P&C Firms Ramp Up Hiring, Seek Execs with Soft Skills, Courage
The P&C Specialist article, “P&C Firms Ramp Up Hiring, Seek Execs with Soft Skills, Courage," quoted Russell Reynolds Associates Consultant Dave Seeley. He explains that the insurance industry is beginning to place more importance on particular search criteria in order to find leaders who can drive change. The article is excerpted below.
An anticipated increase in business activity means personal lines insurers plan to hire workers in the next year. While tech prowess definitely is a skill they want to see in applicants, it’s not the only one. Aptitude in the soft skills, including courage, that are the markings of a future leader also are in high demand.
A major need in the P&C industry is technology staff, and that holds true in the personal lines, even though they’re ahead of the commercial lines and life insurance industries in digital advancement, says Dave Seeley, a consultant in the insurance practice of Russell Reynolds Associates. That’s because personal lines insurers are closer to the customer’s personal insurance experience than are other lines.

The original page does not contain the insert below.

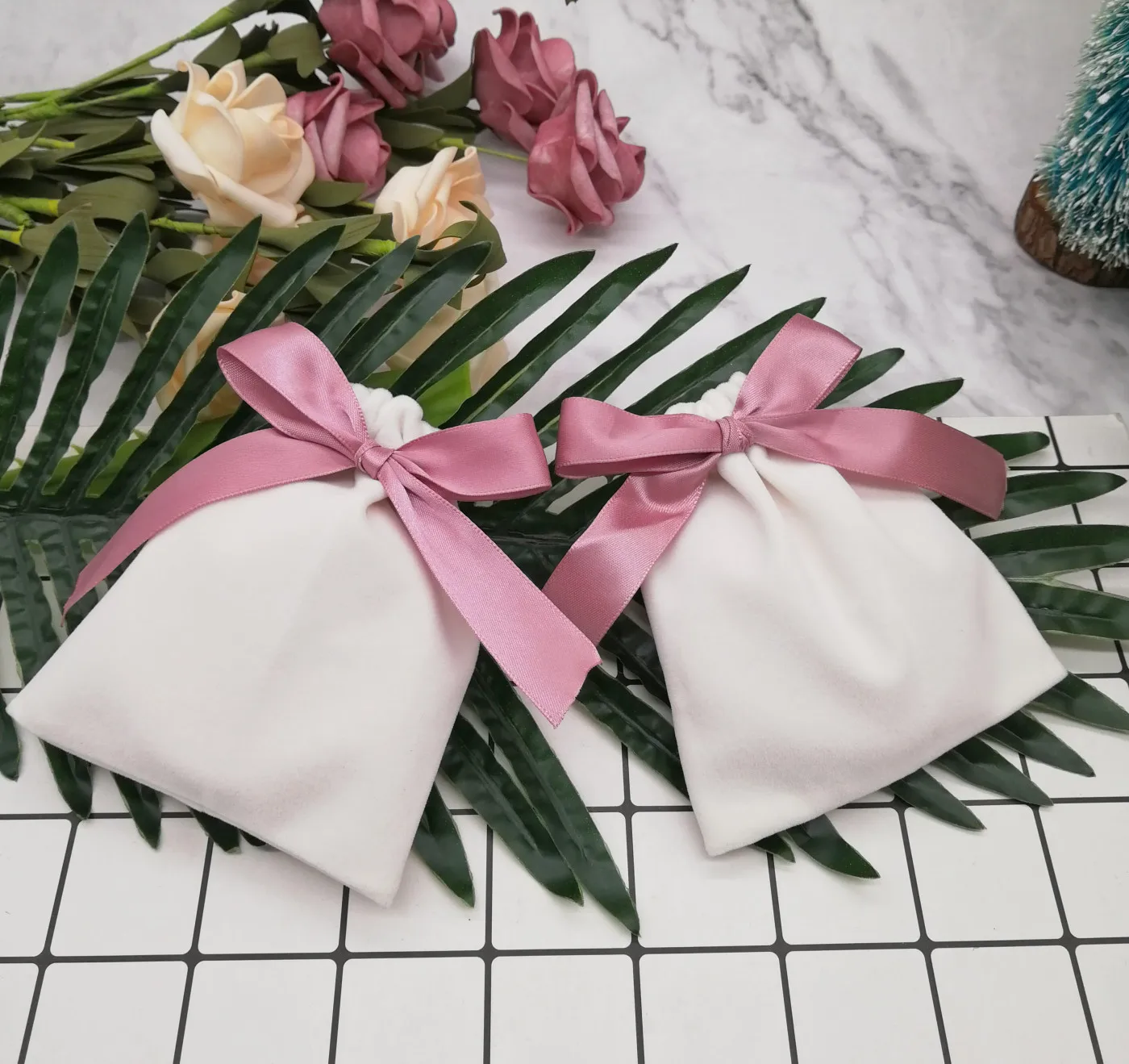 Бархатная сумочка для ювелирных изделий витрина упаковки косметичка вечерние ет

Seeley notes that he recently placed a CEO and a CFO for a mid-sized insurer in the past two or three months. The company has been placing digital officers in personal lines companies over the past two to three years and is leading a search now for a chief digital officer, a position two levels below a CFO, for a commercial lines company.
InsurTechs are looking for two type of leaders, Russell Reynolds’ Seeley says. The first is the highly technical leader who knows about actuarial and pricing elements and has a game plan to formulate product and pricing strategy. The second type is more “external facing,” someone who has deep relationships and knows the market, opening doors at the top of the house within the industry, Seeley says.

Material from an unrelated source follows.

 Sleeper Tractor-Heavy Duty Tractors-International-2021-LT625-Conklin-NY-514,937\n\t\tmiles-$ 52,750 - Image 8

There are two worlds combining, as conservative, risk-averse insurers are seeking to embrace more innovative and entrepreneurial ways of conducting business, Seeley says.
A high-tech executive might view an insurance company as an attractive employer because he or she can come in and drive change, set direction and strategy, and be at the forefront of what is being shaped, rather than just being one of many in Silicon Valley, according to Seeley.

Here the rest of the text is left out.